At 1603 GMT, the rand traded at 14.2950 against the dollar, roughly 1.2% weaker than its previous close and down 3.7% on its closing level from the end of last week.
The Fed's sudden turn on Wednesday revitalised the dollar and U.S. Treasury yields, diminishing the attraction of emerging market currencies for carry trade - whereby investors borrow cheaply in one currency and buy assets in another where returns are higher.
Along with favourable commodity prices, carry trade has helped make the rand one of the best-performing emerging market currencies this year, despite the weak state of the local economy.

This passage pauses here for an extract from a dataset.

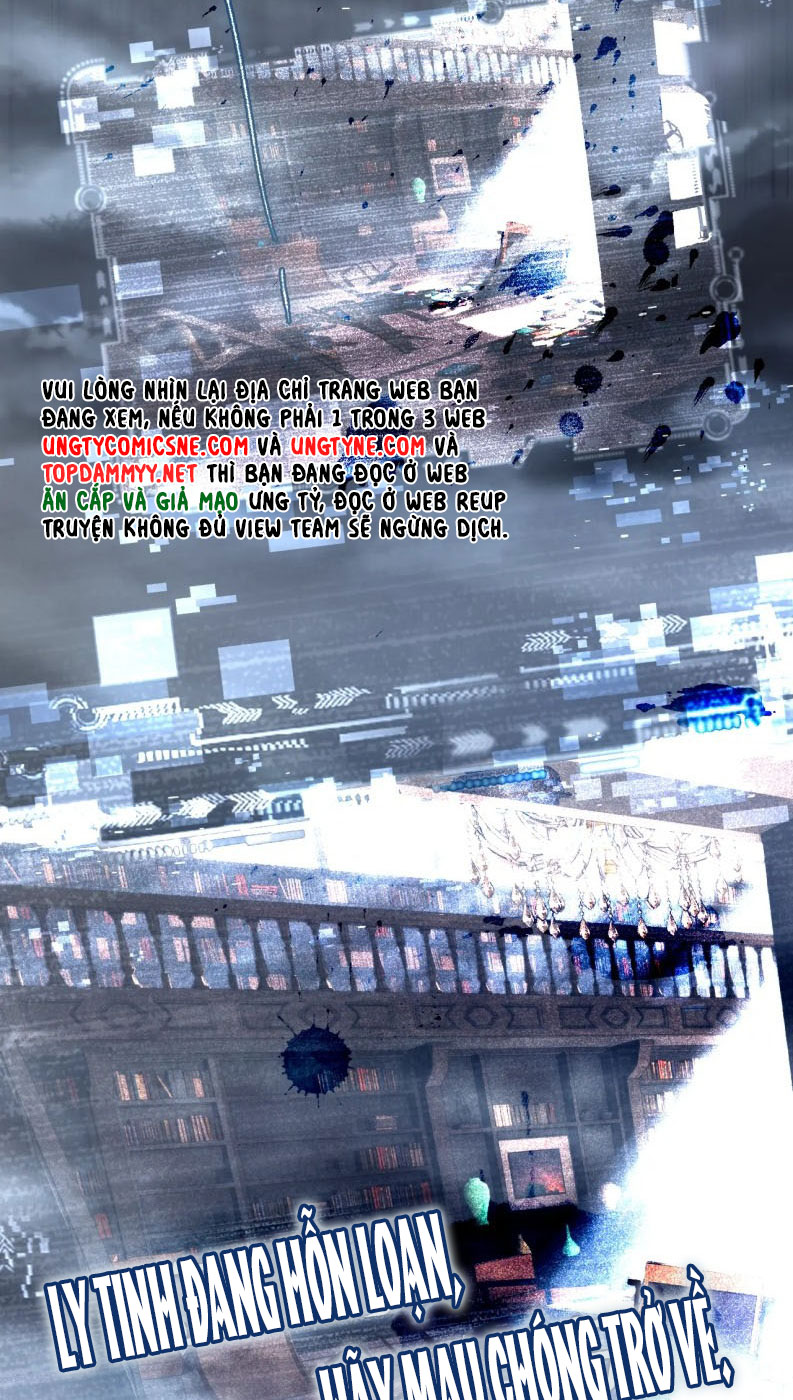 Hoặc Tinh Chi Mục Chapter 16 - Next Chapter 17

Kevin Lings, chief economist at South African asset manager Stanlib, said in a research note that moderating commodity prices were another factor that could be contributing to rand weakness, adding it was still too early to gauge an underlying trend.
In fixed income, the yield on the benchmark 2030 government bond rose 2 basis points to 8.96%, reflecting slightly weaker prices.

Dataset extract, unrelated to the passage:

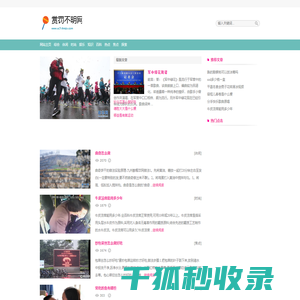 赏罚不明网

Johannesburg-listed stocks dropped for the third straight session.
The All-share index lost 1.43% to end the week at 65,635 points and the blue-chip Top-40 index slid 1.48% to 59,504 points.
"We're in a difficult period. And I think from now on, we're going to have a lot of volatility which is going to be centred around anything that comes out of the Fed," said local analyst David Shapiro.